● Try it
In this exercise, return only the lines that run from the line with "Transitional Neutral Bedroom" to the end of the entries below, both included. Pictures are not copied.
Given entries section start
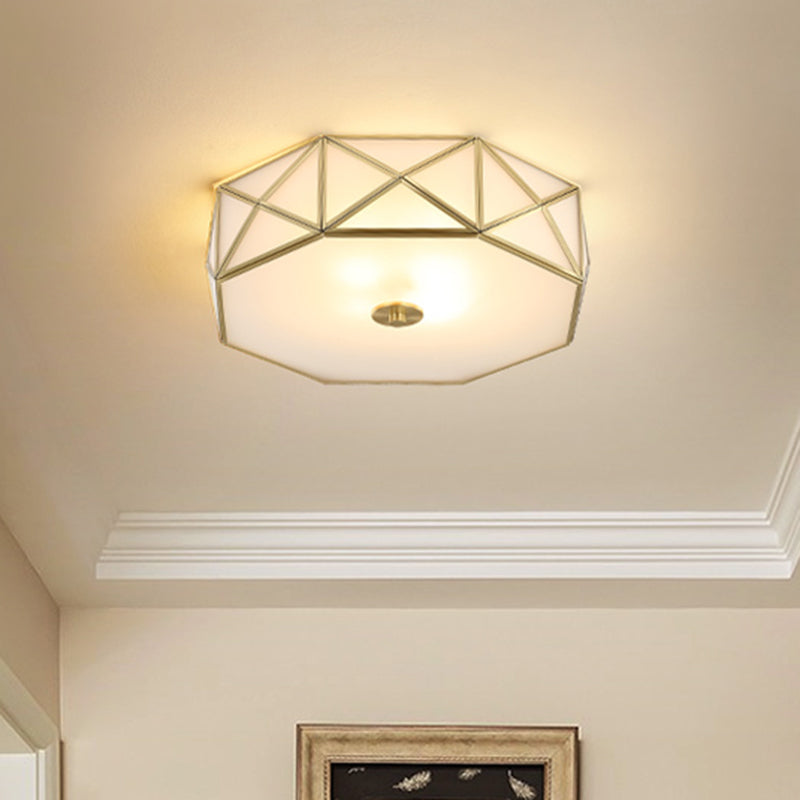 Gold Finish Flush Ceiling Light Minimalism White Glass Geometric Flushmount Lighting Clearhalo 'Ceiling Lights' 'Close To Ceiling Lights' 'Close to ceiling' 'Flush mount' Lighting' 2311285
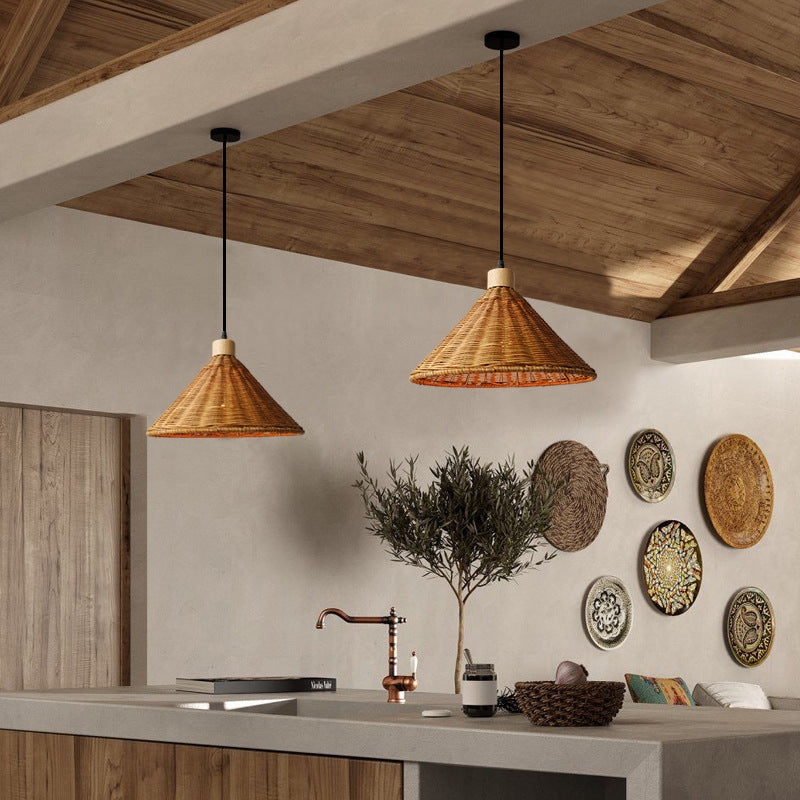 Pendant Light Coastal Teardrop Silhouette Woven Rattan Pendant Lamp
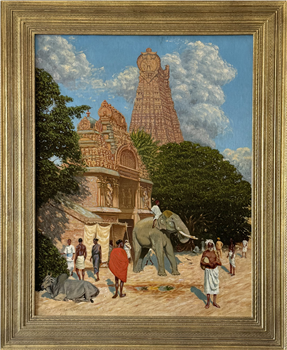 Meenakshi Temple Hindu Preist & Sacred Elephant Madurai Tamil India 1913 o/c - Image 1 of 4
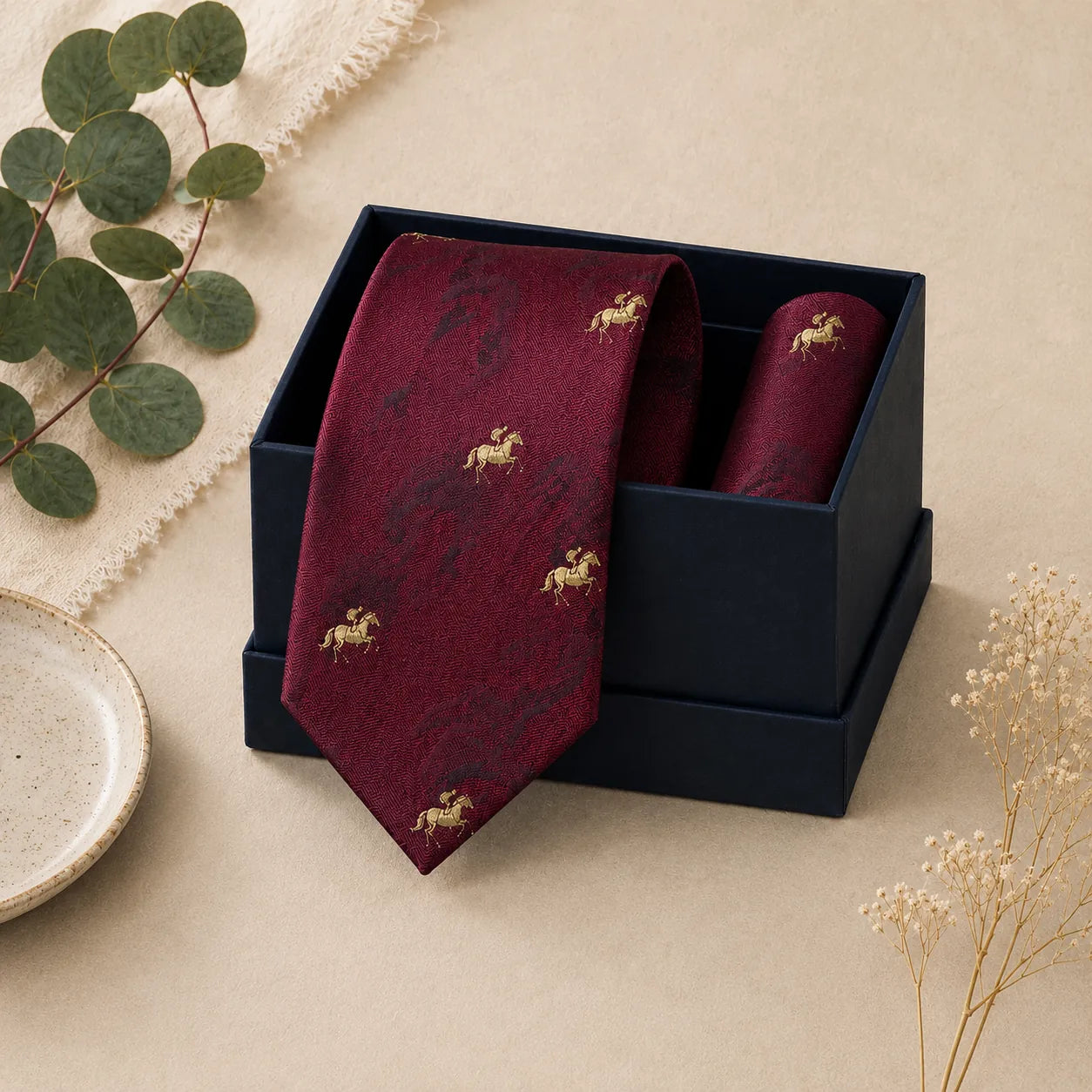 Scarlet Equestrian Silk Tie & Pocket Square Set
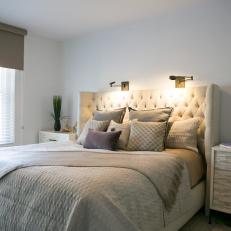 Transitional Neutral Bedroom with Upholstered Headboard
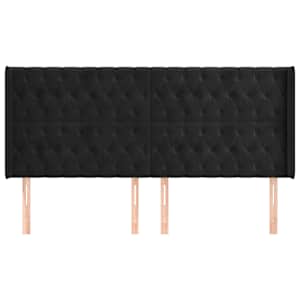 Čelo postele typu ušák černé 183x16x118/128 cm samet - obrázek 3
Given entries section end
● Exercise response
 Transitional Neutral Bedroom with Upholstered Headboard
 Čelo postele typu ušák černé 183x16x118/128 cm samet - obrázek 3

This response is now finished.